O amigo e colega Zózimo Bulbul, falecido em 2013 aos 75 anos vítima de um câncer, um dos precursores do cinema nacional, carrega o nome de um dos principais encontros de cinema do país. Joel Zito Araújo foi convidado pelo amigo para dar continuidade ao projeto, que ocorre no cinema Afrocarioca, reúne as diferentes gerações da sétima arte e ainda serve como um espaço importante para o fortalecimento do cinema nacional.
“O número de filmes, de cineastas negros brasileiros, era minoria no início. Eu lembro que no primeiro ano que eu assumi era algo como 58 filmes africanos e uns 18 filmes de curta metragem brasileiros. Cinco anos depois da curadoria essa coisa se inverteu profundamente. A gente tinha cerca de 150 filmes de afro brasileiros e cerca de 38, 40 filmes africanos”.
O Encontro de Cinema Negro Zózimo Bulbul está na 13° edição e neste ano tem o mote “Brasil, África, Caribe e Outras Diásporas”. O evento será virtual e terá 10 dias, com mais de 100 filmes exibidos, com 30 sessões de longas, médias e curta-metragens.
A luta de Joel Zito Araújo, Zózimo Bulbul e outros para a ampliação do cinema negro e o exercício de produzí-lo, mesmo sem recursos ou muitos colegas, se deu pela importância da sétima arte na construção de diferentes imaginários sobre a comunidade negra.

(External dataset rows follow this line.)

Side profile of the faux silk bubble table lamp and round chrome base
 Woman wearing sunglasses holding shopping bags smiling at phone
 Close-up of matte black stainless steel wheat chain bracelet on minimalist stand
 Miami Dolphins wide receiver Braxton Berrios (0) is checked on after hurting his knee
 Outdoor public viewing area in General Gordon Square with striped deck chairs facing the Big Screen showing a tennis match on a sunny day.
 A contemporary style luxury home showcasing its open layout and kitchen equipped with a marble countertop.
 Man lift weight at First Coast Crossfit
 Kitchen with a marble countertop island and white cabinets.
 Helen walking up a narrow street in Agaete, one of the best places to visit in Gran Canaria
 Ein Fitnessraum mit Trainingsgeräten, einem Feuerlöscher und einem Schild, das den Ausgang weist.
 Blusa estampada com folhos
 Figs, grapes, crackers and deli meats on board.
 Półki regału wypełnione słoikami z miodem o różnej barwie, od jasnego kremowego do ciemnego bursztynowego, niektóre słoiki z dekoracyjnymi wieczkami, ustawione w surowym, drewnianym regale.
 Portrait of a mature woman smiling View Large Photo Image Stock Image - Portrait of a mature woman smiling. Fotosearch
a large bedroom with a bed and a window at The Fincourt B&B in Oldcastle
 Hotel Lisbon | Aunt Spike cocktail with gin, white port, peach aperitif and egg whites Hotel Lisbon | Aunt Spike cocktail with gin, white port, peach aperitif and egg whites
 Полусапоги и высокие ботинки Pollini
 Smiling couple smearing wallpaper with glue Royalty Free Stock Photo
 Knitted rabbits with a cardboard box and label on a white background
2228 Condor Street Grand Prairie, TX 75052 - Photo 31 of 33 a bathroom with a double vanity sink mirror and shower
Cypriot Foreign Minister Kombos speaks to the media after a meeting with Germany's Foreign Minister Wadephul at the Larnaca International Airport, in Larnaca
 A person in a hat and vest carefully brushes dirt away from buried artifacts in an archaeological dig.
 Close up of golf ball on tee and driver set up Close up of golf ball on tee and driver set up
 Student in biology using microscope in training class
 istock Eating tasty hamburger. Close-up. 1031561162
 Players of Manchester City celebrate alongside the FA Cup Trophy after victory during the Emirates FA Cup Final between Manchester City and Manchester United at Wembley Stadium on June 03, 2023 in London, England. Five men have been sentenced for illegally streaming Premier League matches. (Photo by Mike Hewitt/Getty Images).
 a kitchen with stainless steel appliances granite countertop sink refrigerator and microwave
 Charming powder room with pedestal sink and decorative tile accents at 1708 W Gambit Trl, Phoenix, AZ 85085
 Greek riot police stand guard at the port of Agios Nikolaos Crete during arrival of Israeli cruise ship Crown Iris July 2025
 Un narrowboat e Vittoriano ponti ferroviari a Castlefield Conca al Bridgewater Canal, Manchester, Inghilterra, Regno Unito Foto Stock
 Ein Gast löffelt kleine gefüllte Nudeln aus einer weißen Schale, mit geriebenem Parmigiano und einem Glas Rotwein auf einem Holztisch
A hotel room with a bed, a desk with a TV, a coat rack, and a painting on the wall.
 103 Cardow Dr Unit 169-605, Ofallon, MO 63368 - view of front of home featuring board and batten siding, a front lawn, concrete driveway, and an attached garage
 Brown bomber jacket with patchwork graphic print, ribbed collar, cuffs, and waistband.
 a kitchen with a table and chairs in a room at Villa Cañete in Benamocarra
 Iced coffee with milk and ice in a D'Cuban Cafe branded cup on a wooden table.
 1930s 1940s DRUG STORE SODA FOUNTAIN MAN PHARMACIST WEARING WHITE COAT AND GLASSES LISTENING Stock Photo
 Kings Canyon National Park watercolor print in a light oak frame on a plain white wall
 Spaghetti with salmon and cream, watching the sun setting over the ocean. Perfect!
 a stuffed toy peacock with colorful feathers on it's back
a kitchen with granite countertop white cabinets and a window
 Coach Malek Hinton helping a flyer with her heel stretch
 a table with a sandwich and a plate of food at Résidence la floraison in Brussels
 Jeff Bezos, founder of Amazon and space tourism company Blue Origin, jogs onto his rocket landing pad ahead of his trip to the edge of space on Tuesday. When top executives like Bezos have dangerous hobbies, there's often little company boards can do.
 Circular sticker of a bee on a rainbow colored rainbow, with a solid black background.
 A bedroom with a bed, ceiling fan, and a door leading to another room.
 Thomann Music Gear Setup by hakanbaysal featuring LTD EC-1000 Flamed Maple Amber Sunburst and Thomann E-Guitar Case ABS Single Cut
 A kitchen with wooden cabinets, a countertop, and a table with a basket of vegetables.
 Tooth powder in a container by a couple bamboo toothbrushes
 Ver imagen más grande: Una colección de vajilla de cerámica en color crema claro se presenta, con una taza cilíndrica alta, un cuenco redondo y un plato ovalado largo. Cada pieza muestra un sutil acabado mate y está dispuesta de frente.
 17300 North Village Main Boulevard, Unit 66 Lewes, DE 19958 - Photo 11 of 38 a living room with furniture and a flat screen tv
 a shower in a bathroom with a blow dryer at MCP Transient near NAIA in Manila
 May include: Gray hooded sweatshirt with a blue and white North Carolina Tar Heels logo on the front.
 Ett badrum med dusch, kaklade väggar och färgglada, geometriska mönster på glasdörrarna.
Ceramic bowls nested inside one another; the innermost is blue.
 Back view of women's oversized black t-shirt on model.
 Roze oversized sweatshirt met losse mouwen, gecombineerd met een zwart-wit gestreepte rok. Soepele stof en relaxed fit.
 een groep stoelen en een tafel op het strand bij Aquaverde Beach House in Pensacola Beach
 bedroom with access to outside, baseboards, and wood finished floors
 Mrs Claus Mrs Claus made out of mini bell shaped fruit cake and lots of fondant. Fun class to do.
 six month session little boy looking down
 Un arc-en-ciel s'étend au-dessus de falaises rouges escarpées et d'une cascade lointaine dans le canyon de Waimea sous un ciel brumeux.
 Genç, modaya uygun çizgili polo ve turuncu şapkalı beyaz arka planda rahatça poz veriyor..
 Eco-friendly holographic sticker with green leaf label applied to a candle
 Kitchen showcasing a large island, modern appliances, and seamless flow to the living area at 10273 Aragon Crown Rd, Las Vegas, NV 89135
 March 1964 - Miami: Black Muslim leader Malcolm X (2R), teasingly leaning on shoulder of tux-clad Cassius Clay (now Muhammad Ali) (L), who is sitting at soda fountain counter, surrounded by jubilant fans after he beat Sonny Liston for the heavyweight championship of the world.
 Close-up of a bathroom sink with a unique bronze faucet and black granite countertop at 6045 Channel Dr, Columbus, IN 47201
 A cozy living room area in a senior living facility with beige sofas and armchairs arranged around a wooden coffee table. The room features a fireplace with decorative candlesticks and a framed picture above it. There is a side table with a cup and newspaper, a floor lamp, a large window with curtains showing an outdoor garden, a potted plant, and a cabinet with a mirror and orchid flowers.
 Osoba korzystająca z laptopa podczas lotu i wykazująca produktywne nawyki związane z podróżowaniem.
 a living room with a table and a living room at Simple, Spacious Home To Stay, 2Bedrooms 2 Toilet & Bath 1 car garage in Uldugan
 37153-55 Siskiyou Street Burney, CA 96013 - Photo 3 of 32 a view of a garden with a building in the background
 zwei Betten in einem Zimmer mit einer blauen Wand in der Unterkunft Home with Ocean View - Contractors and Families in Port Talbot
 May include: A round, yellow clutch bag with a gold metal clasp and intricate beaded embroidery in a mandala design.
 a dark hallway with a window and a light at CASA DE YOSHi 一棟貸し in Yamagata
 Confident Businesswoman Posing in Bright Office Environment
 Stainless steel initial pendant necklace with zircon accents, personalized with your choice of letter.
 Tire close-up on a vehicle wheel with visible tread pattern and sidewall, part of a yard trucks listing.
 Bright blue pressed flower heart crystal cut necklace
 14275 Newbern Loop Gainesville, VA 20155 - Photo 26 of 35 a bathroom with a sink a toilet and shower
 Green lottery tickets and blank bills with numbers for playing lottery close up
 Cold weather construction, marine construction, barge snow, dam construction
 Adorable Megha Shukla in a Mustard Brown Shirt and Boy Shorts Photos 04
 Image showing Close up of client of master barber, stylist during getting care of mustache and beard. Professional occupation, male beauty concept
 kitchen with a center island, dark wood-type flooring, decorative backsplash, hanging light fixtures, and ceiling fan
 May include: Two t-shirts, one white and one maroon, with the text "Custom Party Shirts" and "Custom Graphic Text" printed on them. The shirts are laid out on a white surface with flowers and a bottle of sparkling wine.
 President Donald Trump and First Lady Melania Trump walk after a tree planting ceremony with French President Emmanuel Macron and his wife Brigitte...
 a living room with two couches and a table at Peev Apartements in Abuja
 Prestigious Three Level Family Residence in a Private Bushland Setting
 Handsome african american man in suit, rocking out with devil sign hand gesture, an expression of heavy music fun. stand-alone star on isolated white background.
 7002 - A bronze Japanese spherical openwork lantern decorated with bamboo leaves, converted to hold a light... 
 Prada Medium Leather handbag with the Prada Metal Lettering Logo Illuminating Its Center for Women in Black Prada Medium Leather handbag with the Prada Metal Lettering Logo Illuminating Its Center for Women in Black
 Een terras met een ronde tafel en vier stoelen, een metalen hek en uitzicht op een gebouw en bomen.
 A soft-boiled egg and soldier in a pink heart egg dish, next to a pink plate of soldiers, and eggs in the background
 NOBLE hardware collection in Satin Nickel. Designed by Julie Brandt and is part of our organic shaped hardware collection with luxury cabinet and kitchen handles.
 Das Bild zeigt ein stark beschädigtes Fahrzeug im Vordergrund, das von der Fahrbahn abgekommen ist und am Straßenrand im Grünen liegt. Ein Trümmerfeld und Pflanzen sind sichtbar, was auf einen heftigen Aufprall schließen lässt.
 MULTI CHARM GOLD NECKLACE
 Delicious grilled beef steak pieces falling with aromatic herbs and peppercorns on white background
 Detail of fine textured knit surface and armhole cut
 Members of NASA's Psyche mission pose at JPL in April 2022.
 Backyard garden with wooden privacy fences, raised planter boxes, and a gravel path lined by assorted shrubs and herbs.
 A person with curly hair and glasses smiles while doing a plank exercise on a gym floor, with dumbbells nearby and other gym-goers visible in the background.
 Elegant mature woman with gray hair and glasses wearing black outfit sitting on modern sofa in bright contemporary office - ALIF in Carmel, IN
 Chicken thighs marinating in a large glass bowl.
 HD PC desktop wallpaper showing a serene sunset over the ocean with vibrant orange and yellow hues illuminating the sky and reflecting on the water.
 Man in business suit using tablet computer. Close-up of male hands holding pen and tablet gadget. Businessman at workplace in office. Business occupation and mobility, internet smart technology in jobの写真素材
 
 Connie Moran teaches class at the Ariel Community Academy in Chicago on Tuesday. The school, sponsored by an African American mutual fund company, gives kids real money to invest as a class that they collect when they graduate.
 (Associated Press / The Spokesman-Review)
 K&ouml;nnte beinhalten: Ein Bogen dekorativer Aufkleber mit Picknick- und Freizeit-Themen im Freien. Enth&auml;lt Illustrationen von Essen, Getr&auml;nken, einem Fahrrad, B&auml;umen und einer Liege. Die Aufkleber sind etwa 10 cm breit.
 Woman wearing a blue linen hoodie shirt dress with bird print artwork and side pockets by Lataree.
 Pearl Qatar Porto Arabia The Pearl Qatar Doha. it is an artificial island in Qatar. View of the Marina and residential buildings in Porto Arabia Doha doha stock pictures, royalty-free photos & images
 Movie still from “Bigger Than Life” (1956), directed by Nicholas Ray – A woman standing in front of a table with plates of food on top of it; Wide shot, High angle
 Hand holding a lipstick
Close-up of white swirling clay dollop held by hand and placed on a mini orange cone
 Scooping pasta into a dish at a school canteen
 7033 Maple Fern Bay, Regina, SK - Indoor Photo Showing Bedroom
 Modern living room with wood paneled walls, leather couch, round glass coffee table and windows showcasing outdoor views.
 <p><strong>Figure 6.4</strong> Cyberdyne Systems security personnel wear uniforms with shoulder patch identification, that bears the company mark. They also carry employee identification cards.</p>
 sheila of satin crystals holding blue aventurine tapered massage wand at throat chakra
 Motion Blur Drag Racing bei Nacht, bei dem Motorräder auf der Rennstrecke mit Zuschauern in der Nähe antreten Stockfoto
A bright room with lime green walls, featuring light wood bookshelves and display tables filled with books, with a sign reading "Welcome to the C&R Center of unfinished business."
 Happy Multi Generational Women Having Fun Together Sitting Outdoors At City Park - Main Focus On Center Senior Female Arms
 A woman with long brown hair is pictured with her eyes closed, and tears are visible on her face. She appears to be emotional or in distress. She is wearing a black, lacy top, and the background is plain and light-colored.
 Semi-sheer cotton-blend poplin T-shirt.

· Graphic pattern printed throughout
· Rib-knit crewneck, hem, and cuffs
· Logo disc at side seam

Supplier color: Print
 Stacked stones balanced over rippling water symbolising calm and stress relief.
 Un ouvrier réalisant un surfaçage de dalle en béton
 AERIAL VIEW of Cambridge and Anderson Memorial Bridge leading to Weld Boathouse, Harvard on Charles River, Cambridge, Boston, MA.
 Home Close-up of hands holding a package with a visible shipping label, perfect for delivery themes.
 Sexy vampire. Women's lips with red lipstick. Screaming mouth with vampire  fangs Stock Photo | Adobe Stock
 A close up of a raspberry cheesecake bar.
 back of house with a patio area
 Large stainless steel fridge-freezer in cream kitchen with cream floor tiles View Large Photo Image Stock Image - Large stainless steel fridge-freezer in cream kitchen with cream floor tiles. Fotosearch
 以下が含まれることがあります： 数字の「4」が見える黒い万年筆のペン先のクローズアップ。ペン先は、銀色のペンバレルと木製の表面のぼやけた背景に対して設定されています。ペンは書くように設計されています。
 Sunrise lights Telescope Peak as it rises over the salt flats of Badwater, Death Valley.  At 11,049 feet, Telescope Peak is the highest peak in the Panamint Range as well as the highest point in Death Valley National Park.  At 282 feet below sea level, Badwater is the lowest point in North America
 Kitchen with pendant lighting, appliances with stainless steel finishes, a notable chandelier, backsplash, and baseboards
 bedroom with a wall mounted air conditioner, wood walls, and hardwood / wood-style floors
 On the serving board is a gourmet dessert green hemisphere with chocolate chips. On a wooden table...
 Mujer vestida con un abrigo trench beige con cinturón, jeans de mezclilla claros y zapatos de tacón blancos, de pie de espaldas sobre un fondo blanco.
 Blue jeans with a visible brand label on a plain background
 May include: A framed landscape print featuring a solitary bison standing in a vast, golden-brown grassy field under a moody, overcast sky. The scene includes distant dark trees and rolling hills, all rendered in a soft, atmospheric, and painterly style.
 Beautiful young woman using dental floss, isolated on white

“A produção audiovisual, especialmente o cinema, como uma mãe de séries, telenovelas, filme de ficção, filmes de documentários, pode ser um poderoso instrumento de ampliação civilizatória do imaginário civilizatório. E no nosso caso, como país que ainda tem uma mentalidade muito colonizada, a nossa produção cinematográfica revela a alma negra do país”.